Data Asosiasi Fintech Indonesia menyebutkan, sekitar 70 persen nasabahnya merupakan konsumen yang belum terlayani produk perbankan.
Menurut Darmin, industri tekfin harus lebih cepat dalam menjangkau konsumen di daerah-daerah terpencil. Sementara itu, perusahaan tekfin juga diminta mengedukasi masyarakat terkait layanan keuangan.
”Saya harap tekfin dapat mengintegrasikan diri dengan sektor ekonomi riil yang telah mengadopsi teknologi juga. Juga bekerja sama dengan agen perbankan,” ujarnya.
Gubernur Bank Indonesia Perry Warjiyo mejelaskan, tekfin tidak hanya bisa membantu pertumbuhan inklusi keuangan, tetapi juga pertumbuhan inklusi ekonomi.
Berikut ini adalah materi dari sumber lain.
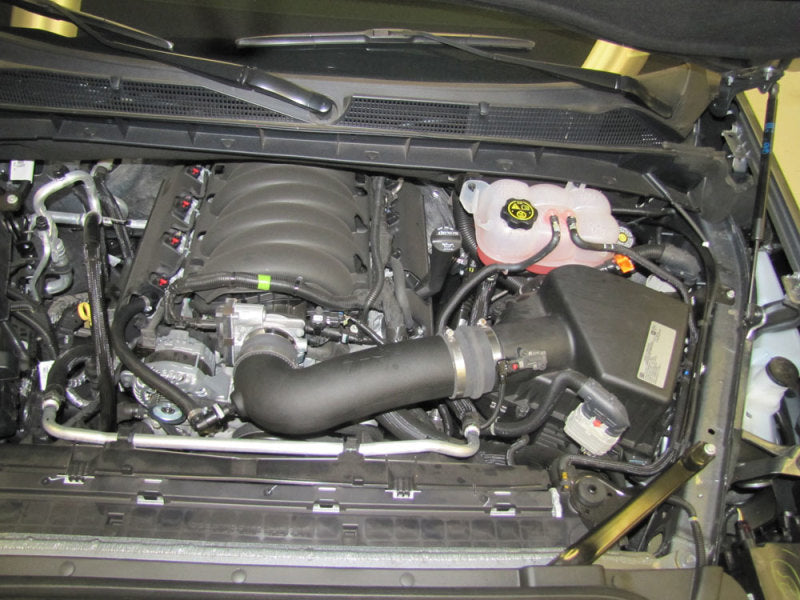 K&N 19-20 GM 1500 V8-5.3L/6.2L 57 Series FIPK Performance Intake Kit-Cold Air Intakes-Grocery Getter Performance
Peran tekfin dalam inklusi ekonomi yakni dalam kontribusi terhadap usaha mikro, kecil, dan menengah (UMKM) serta di berbagai sektor ekonomi lain.
Perry melihat keuangan digital akan menjadi masa depan ekonomi Indonesia. Untuk itu, BI sebelumnya sudah meluncurkan Standar Kode Cepat Indonesia (QRIS) yang akan bersinergi dengan pembayaran melalui layanan tekfin ataupun perbankan.
”Visi pembayaran 2025, payment sistem mengembangkan ekonomi keuangan digital. Kami mendorong kerja sama tekfin dengan digital banking,” ujar Perry.
Sementara itu, BI mengubah sistem sandbox perusahaan rintisan. Sebelumnya, perusahaan rintisan hanya perlu mendaftarkan ke regulator. Saat ini, regulator, BI, dan OJK juga berperan mengembangkan perusahaan rintisan di bidang keuangan.
”Kita ubah dari regulatory ke development. Semua start-up itu kita kembangkan dan kemudian kita hubungkan dengan pelaku usaha di bidang keuangan. Untuk regulasi kalau terkait payment sistem ke BI, kalau jasa keuangan ke OJK,” pungkas Perry.
Ketua Umum Asosiasi Fintech Indonesia Niki Santo Luhur mengatakan, sistem tekfin memang tepat untuk mempercepat inklusi keuangan. Sebab, industri ini memiliki infrastruktur digital yang bisa menembus daerah terpencil.
”Kami mendukung agar tekfin dan bank konvensional bisa berkolaborasi agar konsumen lebih nyaman dan punya banyak pilihan untuk memenuhi keperluannya,” papar Niki.